In the entries below, find the line with "Die Zahl der" and print exactly every line from there up to and including the line with "Mandarin stud earrings", with no other lines.

** Opening Data listing block **

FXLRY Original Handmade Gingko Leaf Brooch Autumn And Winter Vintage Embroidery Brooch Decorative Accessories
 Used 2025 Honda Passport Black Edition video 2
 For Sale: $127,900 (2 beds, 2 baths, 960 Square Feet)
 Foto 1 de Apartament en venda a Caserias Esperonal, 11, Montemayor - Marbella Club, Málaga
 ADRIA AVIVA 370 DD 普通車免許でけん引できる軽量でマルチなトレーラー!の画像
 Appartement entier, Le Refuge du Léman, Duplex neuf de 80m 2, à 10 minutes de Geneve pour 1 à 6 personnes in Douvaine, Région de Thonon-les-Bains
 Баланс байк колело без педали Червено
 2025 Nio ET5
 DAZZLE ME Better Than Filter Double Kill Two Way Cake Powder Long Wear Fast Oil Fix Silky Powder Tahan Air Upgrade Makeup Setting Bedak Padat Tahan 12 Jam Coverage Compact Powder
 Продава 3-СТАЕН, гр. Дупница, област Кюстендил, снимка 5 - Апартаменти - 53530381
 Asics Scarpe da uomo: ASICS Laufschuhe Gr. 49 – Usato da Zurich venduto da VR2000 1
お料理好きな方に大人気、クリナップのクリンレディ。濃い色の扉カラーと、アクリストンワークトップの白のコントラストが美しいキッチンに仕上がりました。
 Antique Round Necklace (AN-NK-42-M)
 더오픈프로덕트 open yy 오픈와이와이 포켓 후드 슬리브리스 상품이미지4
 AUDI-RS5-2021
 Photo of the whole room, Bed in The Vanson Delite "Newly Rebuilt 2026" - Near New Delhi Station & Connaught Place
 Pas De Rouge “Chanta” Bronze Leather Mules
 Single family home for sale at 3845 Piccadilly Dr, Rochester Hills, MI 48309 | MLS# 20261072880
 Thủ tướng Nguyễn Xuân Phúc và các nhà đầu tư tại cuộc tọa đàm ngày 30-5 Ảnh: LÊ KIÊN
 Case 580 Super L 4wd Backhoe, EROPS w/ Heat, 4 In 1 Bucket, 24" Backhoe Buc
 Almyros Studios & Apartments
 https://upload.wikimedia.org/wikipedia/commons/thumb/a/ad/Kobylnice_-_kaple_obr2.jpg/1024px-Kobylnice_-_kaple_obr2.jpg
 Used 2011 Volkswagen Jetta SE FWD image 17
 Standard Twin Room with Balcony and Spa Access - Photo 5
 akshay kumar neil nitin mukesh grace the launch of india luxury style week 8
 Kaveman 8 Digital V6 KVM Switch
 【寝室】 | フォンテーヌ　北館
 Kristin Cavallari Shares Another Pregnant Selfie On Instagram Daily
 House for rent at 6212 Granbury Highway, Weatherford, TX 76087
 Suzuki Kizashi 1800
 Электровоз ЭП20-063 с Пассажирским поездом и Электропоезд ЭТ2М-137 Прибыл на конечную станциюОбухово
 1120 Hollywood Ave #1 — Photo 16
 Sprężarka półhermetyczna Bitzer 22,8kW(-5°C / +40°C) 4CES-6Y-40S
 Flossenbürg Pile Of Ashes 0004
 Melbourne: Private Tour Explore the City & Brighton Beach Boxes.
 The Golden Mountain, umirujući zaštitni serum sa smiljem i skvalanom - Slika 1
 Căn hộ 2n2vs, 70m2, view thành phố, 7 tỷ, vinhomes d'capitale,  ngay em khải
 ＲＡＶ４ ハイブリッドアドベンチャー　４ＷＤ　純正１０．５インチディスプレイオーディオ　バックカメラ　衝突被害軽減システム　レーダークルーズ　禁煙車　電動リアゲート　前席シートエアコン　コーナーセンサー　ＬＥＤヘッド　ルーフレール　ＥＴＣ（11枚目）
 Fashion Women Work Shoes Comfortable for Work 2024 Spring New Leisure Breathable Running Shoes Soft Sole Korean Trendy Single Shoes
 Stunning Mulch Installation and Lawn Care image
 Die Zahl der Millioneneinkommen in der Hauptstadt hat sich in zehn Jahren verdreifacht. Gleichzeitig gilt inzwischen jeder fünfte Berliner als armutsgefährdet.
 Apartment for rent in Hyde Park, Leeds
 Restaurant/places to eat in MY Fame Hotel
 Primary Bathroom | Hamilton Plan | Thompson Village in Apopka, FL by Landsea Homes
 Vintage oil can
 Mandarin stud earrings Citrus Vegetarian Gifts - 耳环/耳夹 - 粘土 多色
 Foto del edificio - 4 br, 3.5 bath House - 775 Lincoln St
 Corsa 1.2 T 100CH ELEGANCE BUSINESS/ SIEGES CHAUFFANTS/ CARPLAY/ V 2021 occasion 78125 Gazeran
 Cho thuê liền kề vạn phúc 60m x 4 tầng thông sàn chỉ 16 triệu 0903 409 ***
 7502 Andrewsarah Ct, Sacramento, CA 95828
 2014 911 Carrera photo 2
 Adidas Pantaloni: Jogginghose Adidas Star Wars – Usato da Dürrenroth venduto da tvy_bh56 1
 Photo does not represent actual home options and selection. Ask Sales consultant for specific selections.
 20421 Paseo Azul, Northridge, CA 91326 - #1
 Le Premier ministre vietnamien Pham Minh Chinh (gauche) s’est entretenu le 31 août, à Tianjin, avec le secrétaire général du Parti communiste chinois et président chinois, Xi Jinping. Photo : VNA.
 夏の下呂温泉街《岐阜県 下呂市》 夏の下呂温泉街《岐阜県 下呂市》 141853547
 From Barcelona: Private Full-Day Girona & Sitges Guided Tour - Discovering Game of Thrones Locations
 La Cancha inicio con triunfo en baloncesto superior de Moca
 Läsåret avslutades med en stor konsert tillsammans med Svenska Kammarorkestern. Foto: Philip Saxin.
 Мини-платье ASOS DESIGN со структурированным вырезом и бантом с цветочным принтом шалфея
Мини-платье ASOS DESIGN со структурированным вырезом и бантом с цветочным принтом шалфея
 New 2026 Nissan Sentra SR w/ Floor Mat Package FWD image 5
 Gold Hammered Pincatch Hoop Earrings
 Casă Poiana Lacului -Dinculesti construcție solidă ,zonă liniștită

** Closing Data listing block **

_Result of this task_:
 Die Zahl der Millioneneinkommen in der Hauptstadt hat sich in zehn Jahren verdreifacht. Gleichzeitig gilt inzwischen jeder fünfte Berliner als armutsgefährdet.
 Apartment for rent in Hyde Park, Leeds
 Restaurant/places to eat in MY Fame Hotel
 Primary Bathroom | Hamilton Plan | Thompson Village in Apopka, FL by Landsea Homes
 Vintage oil can
 Mandarin stud earrings Citrus Vegetarian Gifts - 耳环/耳夹 - 粘土 多色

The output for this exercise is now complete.